* _Caption-style text data_
Content starts
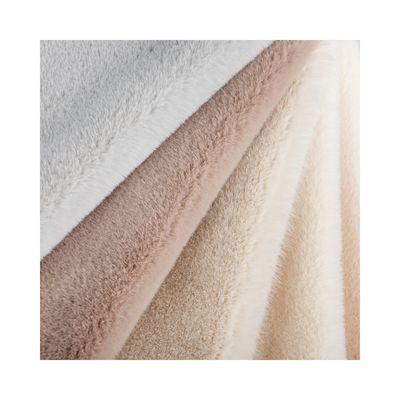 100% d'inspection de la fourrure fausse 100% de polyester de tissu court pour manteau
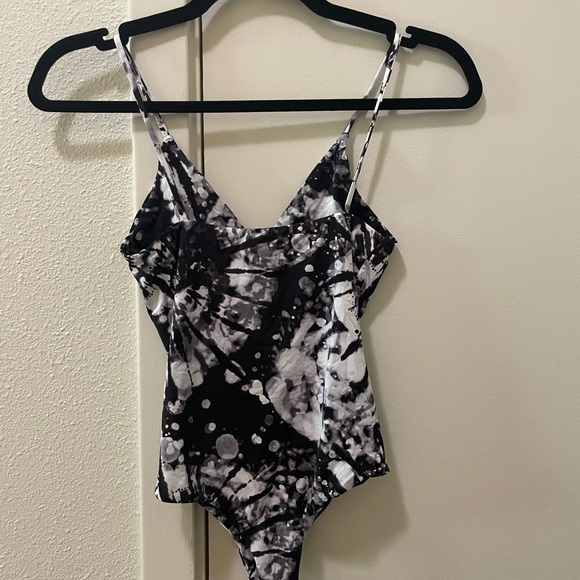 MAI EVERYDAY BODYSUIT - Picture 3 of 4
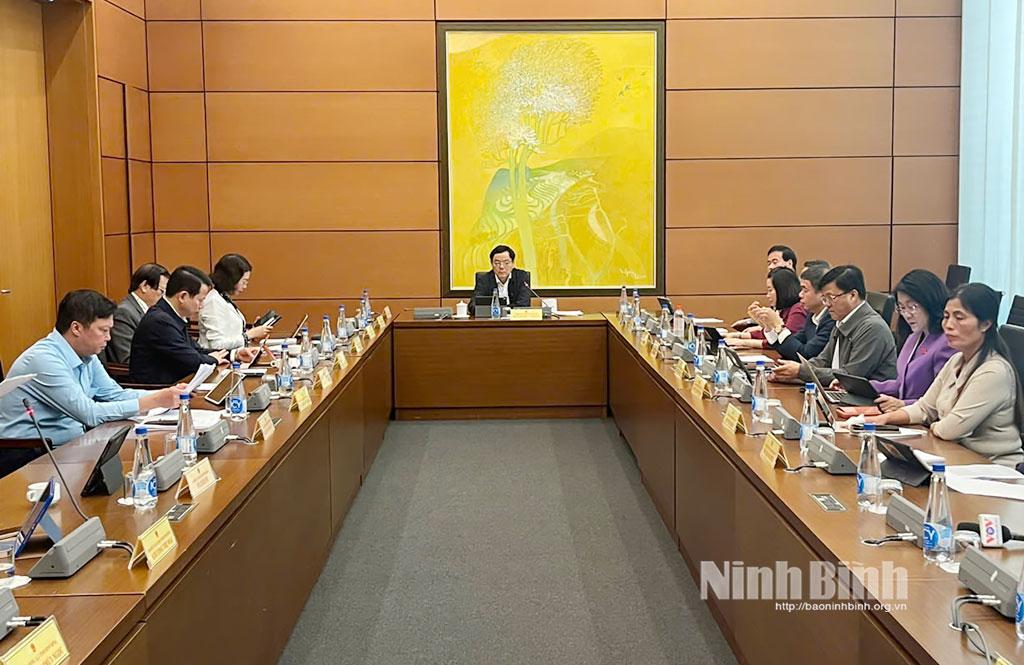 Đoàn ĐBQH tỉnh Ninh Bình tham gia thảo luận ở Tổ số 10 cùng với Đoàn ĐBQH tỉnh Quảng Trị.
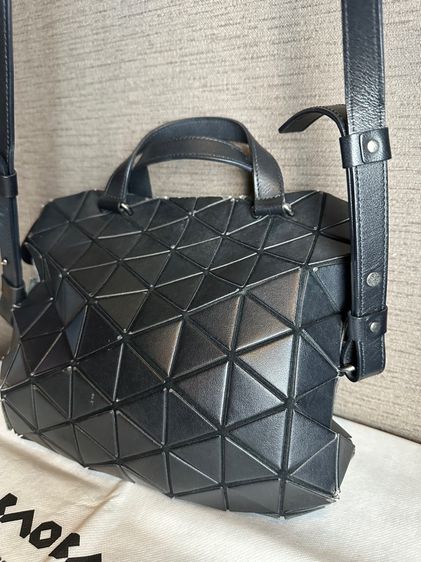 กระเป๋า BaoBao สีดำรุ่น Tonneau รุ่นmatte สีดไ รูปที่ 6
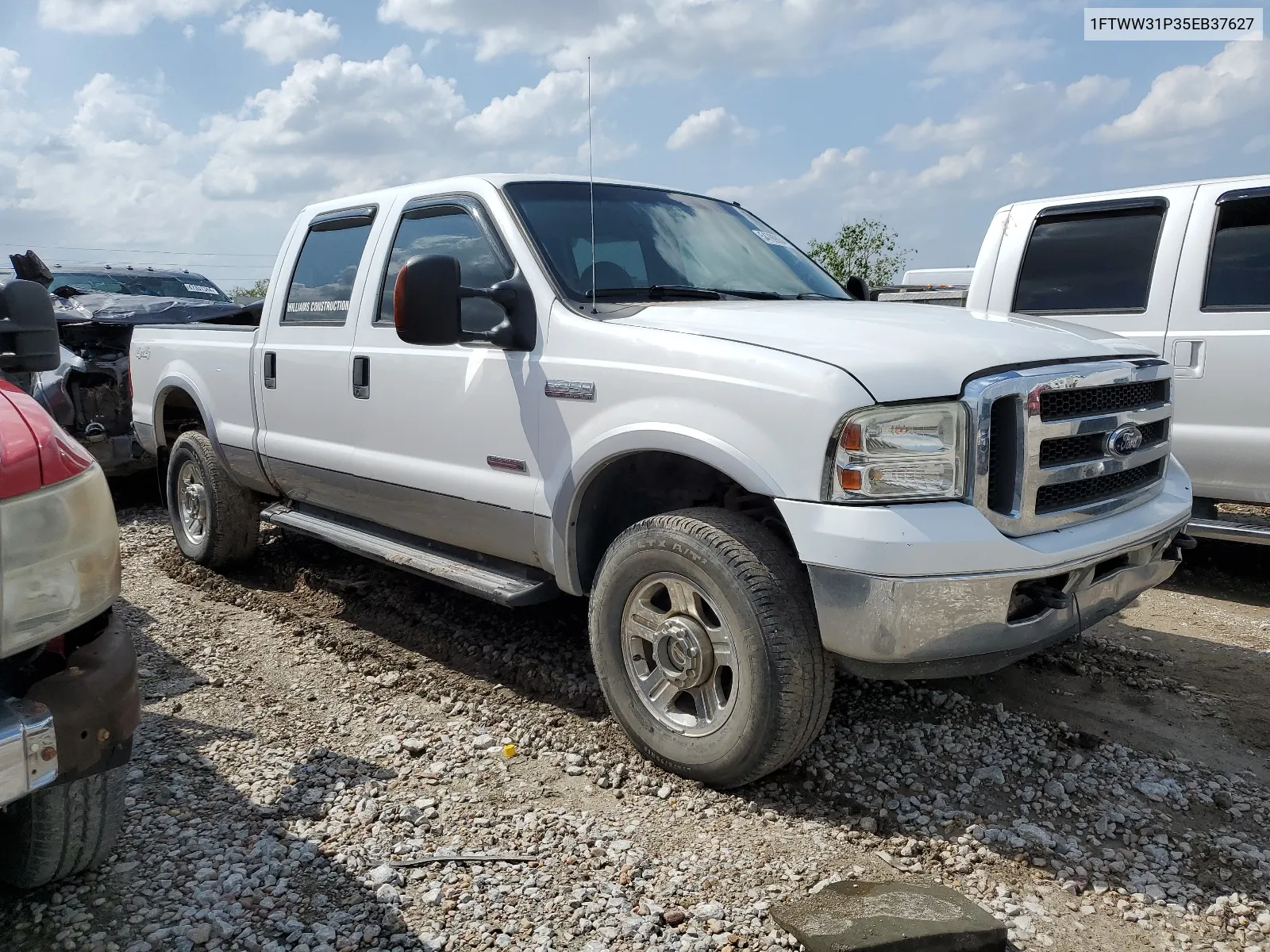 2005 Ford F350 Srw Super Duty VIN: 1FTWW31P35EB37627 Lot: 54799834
Content ends
* _WHAT THE TASK REQUIRES_
Using the records above, extract exactly and only the lines from the one with "MAI EVERYDAY BODYSUIT - Picture 3 of 4" through the final line, inclusive, leaving out pictures.

* _ANSWER_
 MAI EVERYDAY BODYSUIT - Picture 3 of 4
 Đoàn ĐBQH tỉnh Ninh Bình tham gia thảo luận ở Tổ số 10 cùng với Đoàn ĐBQH tỉnh Quảng Trị.
 กระเป๋า BaoBao สีดำรุ่น Tonneau รุ่นmatte สีดไ รูปที่ 6
 2005 Ford F350 Srw Super Duty VIN: 1FTWW31P35EB37627 Lot: 54799834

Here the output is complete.